Christopher Yang, transportation engineer

A young engineer explains why emissions from our beloved cars threaten California’s future—and what we can do about it. Interview by Sascha Zubryd

March 28, 2011

Photo courtesy of Christopher Yang

Transportation expert Christopher Yang studies greenhouse-gas emissions from trains, planes, and automobiles—anything that uses fuel to move. Exhaust-belching vehicles produce nearly half of California’s carbon emissions, while the emissions in other states come mostly from factories and energy-guzzling heaters and air conditioners. Powering vehicles with alternative energy sources—like biofuels, hydrogen, and electricity—could reduce California’s transportation emissions by a whopping 60 percent, according to Yang’s research with California’s Energy Future committee.

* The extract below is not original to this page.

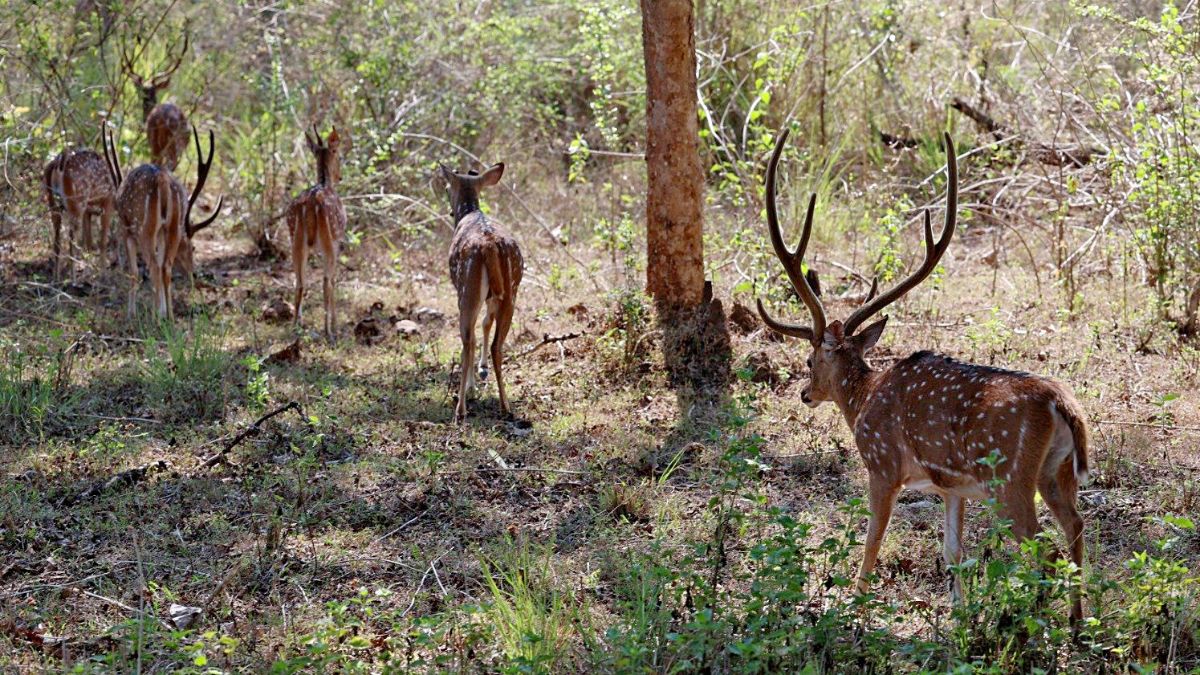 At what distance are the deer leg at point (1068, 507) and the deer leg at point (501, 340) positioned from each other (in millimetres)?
4040

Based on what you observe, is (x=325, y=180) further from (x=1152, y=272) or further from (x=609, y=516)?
(x=1152, y=272)

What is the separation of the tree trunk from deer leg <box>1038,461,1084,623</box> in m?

That’s good news because California faces a major challenge: former Governor Arnold Schwarzenegger's 2005 executive order to slash greenhouse-gas emissions to just one-fifth of 1990 levels by 2050. The state is headed for warmer average temperatures and more hot days, which means a shrinking snowpack. That could spell serious trouble for water supplies. Stabilizing greenhouse-gas levels in the atmosphere would help steady the local climate, scientists expect. Researchers like Yang have been scrambling to project how to reach the target.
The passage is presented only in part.